The Windows‑1252 character set isn't "highly limited." I'm an English-speaking monoglot—or, more to the point, an English-writing monoglot—so I can use the Windows‑1252 character set for all my writing. And I can likely continue to use it for a very long time, either until I learn another language that uses a writing system other than Latin, or until I drop dead. Saying Windows‑1252 is highly limited because it can't be used to write Chinese or Hebrew is like saying my Toyota Corolla is highly limited because it can't fly in the sky or sail the seas.

The Windows‑1252 and ISO 8859‑1 (Latin 1) character sets are still very commonly used today for digital text. For example, in my industry, e-discovery and litigation support in the United States, text and data are much more often Windows‑1252 than Unicode (UTF‑8). This is just how it is.

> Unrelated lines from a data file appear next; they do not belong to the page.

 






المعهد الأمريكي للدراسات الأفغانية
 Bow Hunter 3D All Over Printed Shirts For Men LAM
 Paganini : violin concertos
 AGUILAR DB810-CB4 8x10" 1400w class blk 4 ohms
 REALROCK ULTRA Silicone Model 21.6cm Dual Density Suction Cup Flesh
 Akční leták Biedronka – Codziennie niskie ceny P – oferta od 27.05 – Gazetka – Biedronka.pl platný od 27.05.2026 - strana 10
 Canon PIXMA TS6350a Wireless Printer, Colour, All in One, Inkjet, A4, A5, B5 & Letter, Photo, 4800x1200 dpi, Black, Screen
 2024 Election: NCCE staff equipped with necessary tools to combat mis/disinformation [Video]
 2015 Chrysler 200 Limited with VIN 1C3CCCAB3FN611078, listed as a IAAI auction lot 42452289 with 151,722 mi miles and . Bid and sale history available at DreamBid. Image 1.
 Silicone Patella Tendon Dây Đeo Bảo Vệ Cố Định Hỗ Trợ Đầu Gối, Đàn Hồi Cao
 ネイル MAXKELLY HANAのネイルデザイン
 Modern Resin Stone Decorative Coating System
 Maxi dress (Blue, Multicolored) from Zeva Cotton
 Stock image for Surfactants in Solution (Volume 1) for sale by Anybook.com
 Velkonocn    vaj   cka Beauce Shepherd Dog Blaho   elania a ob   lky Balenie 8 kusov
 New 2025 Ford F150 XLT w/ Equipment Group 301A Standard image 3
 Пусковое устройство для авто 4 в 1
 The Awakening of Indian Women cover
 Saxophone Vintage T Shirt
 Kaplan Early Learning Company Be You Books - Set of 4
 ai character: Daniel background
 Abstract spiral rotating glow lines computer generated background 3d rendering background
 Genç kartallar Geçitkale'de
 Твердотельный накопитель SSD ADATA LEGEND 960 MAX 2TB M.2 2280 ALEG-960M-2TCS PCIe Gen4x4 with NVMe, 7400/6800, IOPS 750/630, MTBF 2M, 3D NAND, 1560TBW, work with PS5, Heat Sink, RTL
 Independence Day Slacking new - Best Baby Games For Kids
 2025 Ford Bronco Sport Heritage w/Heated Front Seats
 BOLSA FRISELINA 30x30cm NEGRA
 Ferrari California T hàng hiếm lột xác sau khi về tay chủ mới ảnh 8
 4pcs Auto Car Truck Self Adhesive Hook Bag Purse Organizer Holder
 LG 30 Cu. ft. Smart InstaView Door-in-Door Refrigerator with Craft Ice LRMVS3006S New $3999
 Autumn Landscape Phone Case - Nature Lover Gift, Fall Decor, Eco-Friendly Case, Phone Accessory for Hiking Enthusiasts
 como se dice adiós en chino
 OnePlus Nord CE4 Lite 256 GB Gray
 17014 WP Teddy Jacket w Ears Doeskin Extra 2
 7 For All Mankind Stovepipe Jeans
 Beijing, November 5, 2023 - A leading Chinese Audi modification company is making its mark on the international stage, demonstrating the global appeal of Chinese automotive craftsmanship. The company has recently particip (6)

So, no, Windows‑1252 and Latin 1 don't seem especially unmodern or crufty to me. They're just older, single-byte encodings, not Unicode, that's all.

By the way, I'm a proponent of Unicode and I support and encourage its adoption. I'm a member of the Unicode Consortium. My name is proudly displayed on its Members page. ☺ (I confess I'm not an active member; I just pay to belong.) I've attended several Unicode Conferences and have had the good fortune to rub elbows with the Unicode cognescenti. My keen interest in Unicode dovetails nicely with my love of Perl, whose Unicode support is excellent.


Replies are listed 'Best First'.
Re^5: Windows-1252 characters from \x{0080} thru \x{009f}
by grantm (Parson) on May 24, 2012 at 01:55 UTC
    I can use the Windows‑1252 character set for all my writing ... ☺

    I find it ironic that you claim to be able to get by with only the Windows‑1252 character set and then a few paragraphs later you use a character that's not in it. Sure you can enter that character using the HTML numeric character entity form ☺ - but then the same is true of any non-ASCII character. So I don't really see why 1252 is so appealing to you. Given the more obvious choices of ASCII or Unicode why choose an encoding that is neither one thing nor the other?